Here’s a quick quiz:
Which of the following responses to someone coming out as queer [gay/lesbian/bi/trans] is homo/bi/trans/phobic?
- Ok, but why are you telling me?
- You can do whatever you want, but I just don’t know about it.
- You’re disgusting and sick
- I will love and support you whatever you chose to do, but my beliefs say you’re debased
- What about my grandchildren?
- That’s fine dear [internally “OMG what are our relatives going to think?”]
- Enough already, there are queers everywhere, what’s the big deal?
Answer? All of the above.
One of the things about disclosing your sexuality, or even, as in Daley’s case, speaking about who you’re dating without naming your sexuality, is that it is an experience that shouldn’t have to happen. In an ideal world. But it is still necessary, and this is something many straight people will never experience, and thus perhaps never understand. Most people assume you are straight, unless you have a stereotypical queer attribute. The burden of this unquestioned assumption is on queer people. And it’s not a nice experience. However, the burden should be on straight people to show that they understand the difficulty of being in the closet, coming out, and that they are supportive: not to erase the difficulty by saying ‘well, gay people can get married now so what’s the big deal?’ I experienced (and continue to experience) many people’s silence in response to saying I was bisexual – which, even if they did care, feels like they don’t understand the difficulty coming out can be. Hundreds of years of society’s prejudice around homosexuality isn’t diluted immediately by gay marriage being passed, or the idea that ‘it’s ok to be gay now, so why are all these queer banging on about it?’. A law doesn’t automatically change people’s attitudes.

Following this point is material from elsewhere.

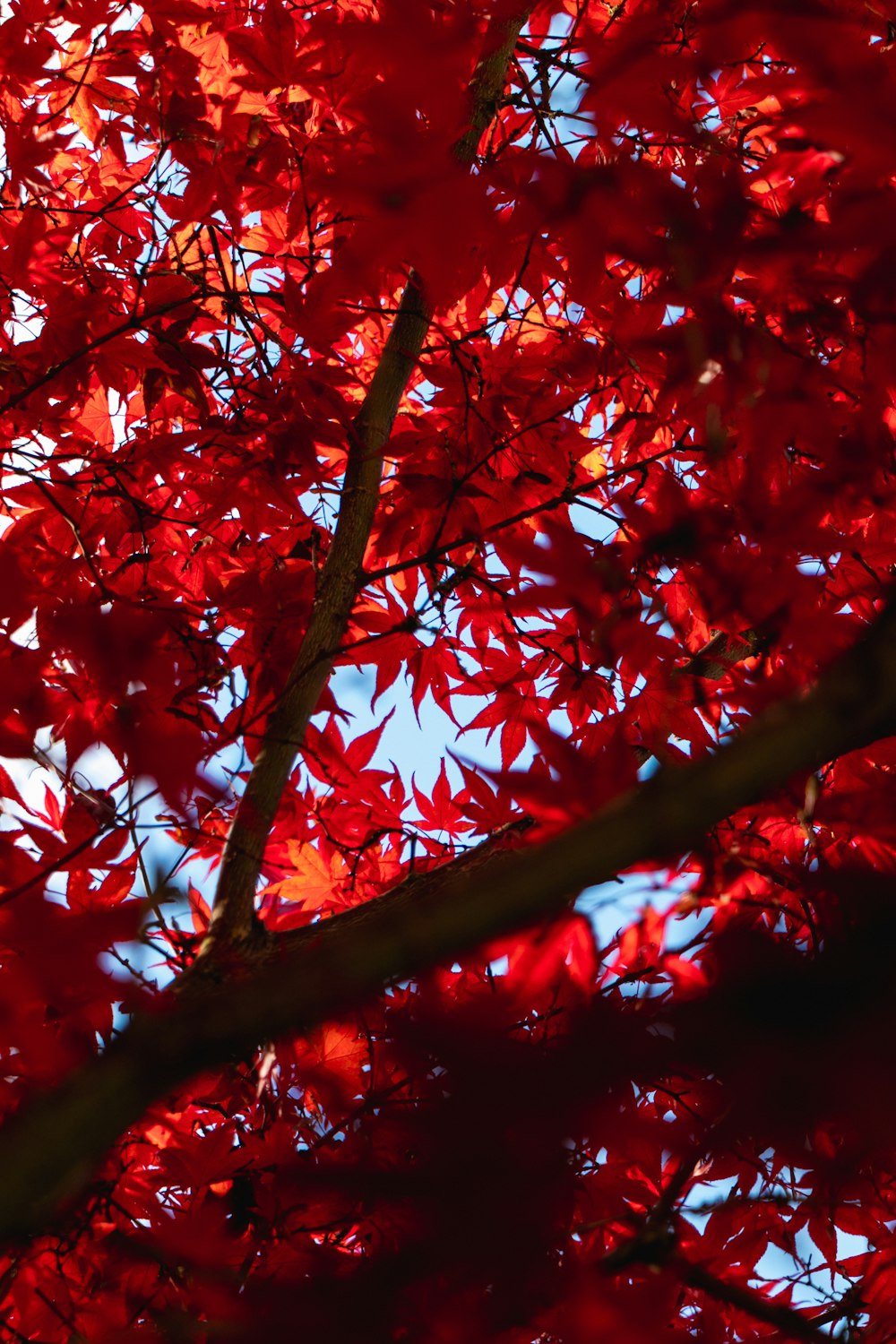 a tree with red leaves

Queers still get bullied at school [99% of LGBT teenagers hear homophobic language used in schools, and 84% find this distressing in some way], same-sex couples often don’t feel comfortable holding hands or kissing in public, and homophobic attacks still occur in the UK frequently [http://www.pinknews.co.uk/2013/11/05/uk-man-who-forced-victim-to-drink-urine-in-homophobic-attack-has-jail-sentence-lengthened-by-3-years/], families often still wish, secretly or not, that their children won’t be queer, and LGBT people still fear telling their loved ones that they aren’t straight.
Therefore, a young famous sportsman discussing his dating preferences openly IS NEWS. There are only very few ‘out’ sports men and women, and this is not because there aren’t any! Daley’s video is therefore a hope giving display of honest bravery that is a real encouragement to young queers who are struggling to come to terms with their own sexualities. As Owen Jones says [link below], it was still illegal in 1980 to be homosexual, and sports stars were unable to speak freely about their sexualities. He goes onto say that Britain has changed over the last 20 years – and it’s amazing that many have responded with love and support. But this doesn’t mean coming out isn’t necessary. It just means its a little more acceptable.

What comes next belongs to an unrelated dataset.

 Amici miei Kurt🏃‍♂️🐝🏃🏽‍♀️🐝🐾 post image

There are two responses which need to be distinguished.
One says ‘This shouldn’t be news, but the reality is that it is, let’s talk about why’ and the other ‘This isn’t news, I wish people would talk about something else, Tom Daley’s sexuality is none of our business.’
The first attitude longs for an ideal and equal society where having to disclose one’s sexuality won’t any longer be necessary, because the ‘assumption’ will be that everyone is accepted. However, it is still necessary and that this necessity is one of social justice. Daley himself recognises that he shouldn’t have to do a video to explain to his fans that he’s dating a man, but the reality of society is that he does, and has, therefore we must ask why. And it’s quite simple really: if someone feels it is necessary, to disclose their sexuality, to escape the pressure, fear and distress of ‘being in the closet’ – then who are we to say ‘you don’t need to do that?’ And the media storm proves that society isn’t at a stage where it isn’t news. But is this surprising when many in religious organisations still believe that it’s sinful? There is a direct correlation here between society and the religious attitudes. The second reason is that there is till a stigma attached to not being heterosexual, and coming out challenges the ‘heterosexual dogma’ of society.
The second attitude affectively wants to brush questions of sexuality under the carpet, keep them private, and not admit that they are politically relevant. It’s a disavowal of the difficulties queer people face in everyday life by not having the privilege of being straight. Try walking down the street with someone of the same gender holding hands: see what type of response you get – try to put yourself in a queers shoes.
But if Daley’s video helps one young queer not feel like they must self-harm today, stops another planning their suicide because they’ve seen it’s ok to be queer, or helps a teenager apologise to their queer friend after abandoning them when they came out, isn’t it worthwhile? Isn’t the desire to end discrimination, oppression, violence worth a media storm that sometimes gets the focus wrong? Is this really replacing ‘more important issues’ going on in the world? I think that hate crime, mental health, suicide and discrimination are pretty important issues really.
This is a chance to be an ally! Show your support, rather than thinking it’s irrelevant.
[And this isn’t even to mention the question of bisexuality that has been erased from the discussions of TOM DALEY IS GAY – but another day perhaps].